Why p-values are uniformly distributed when the null hypothesis is true?
64 ビュー (過去 30 日間)
I am struggling to understand why p-values are uniformly distributed when the null hypothesis is true. To me, it sounds very counterintuitive (although I know it is true) that p-values have a uniform distribution, rather than having a distribution that has more members on the side that probability is 1. I would really appreciate it if someone explain the reason with plain language.
Jeff Miller 2018 年 8 月 2 日
編集済み: Jeff Miller 2018 年 8 月 2 日
This is not really a MATLAB question, but OK, I’ll have a go.
First a technical detail: p values are only uniformly distributed when the test statistic has a continuous distribution. If the test statistic is discrete (e.g., the number of heads in 100 coin tosses, or any transformation of that number), then the distribution of p values is also discrete, hence non-uniform.
Next: When you are sampling from any continuous distribution at all, you are equally likely to sample a score at any percentile of that distribution. In other words, even though the scores themselves are not uniformly distributed, the percentiles of the scores are uniformly distributed. To visualize this, imagine that you arrange a population in a long line by height, from shortest to tallest. If you randomly select one individual, he or she is equally likely to be anywhere in the line—that is, equally likely to be at any percentile of the distribution. Note that this would be true regardless of the distribution of heights; for example, the population might include both humans and giraffes so the height distribution would be bimodel, but you could still line them all up from shortest to tallest. (Remember, continuous distribution, so no exact ties.)

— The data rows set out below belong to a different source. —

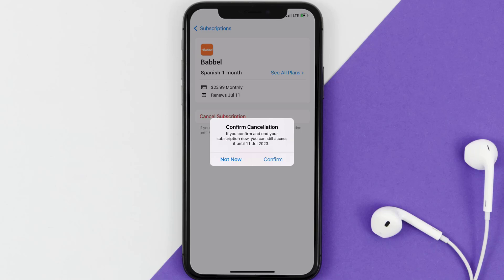The great thing is you can carry on using the app until the subscription date was originally due. Also, deleting the Babbel app or your Babbel account will not cancel your subscription, and subscriptions renew automatically unless you cancel your subscription manually on your own.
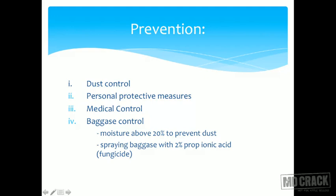Bagas control is probably the most important prevention measure. You have to keep the moisture content above 20% to prevent dust formation — if moisture content is above 20%, dust formation will come down automatically. You can also spray the bagas with 2% propionic acid, which is a fungicide, to keep thermoactinomyces saccharis under control. So moisture content kept above 20% and 2% propionic acid spray are two specific measures for bagassosis prevention, made important because it has an infectious etiology.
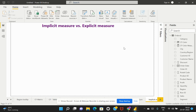Regarding performance, there is not much difference between implicit and explicit measures. Although we don't write any calculation for an implicit measure, behind the scenes Power BI does create a similar calculation to arrive at that metric value. So the same calculation that we write for an explicit measure is also created internally by Power BI, which is why we see the aggregated value displayed on our visuals.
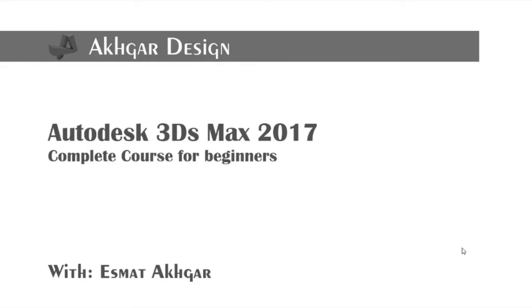Hello and welcome to this new tutorial series, the Autodesk 3ds Max 2017 complete course for beginners with me, Esmat Akhgar. In the first video, I'm going to give you a short description of the course and overall agenda.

Getting back to hypothesis testing, the null hypothesis allows you to compute the exact distribution of test statistic values that you should get if it is true. When you analyze some data, your computed test statistic is just a random sample from that distribution if H0 is true. In one-tailed testing, p is (by definition) the percentile of your computed test statistic, so it must be equally likely to lie at any percentile of that distribution. By the argument of the previous paragraph, this means that p has to be uniform. The idea is the same with two-tailed testing, though it’s a little harder to visualize.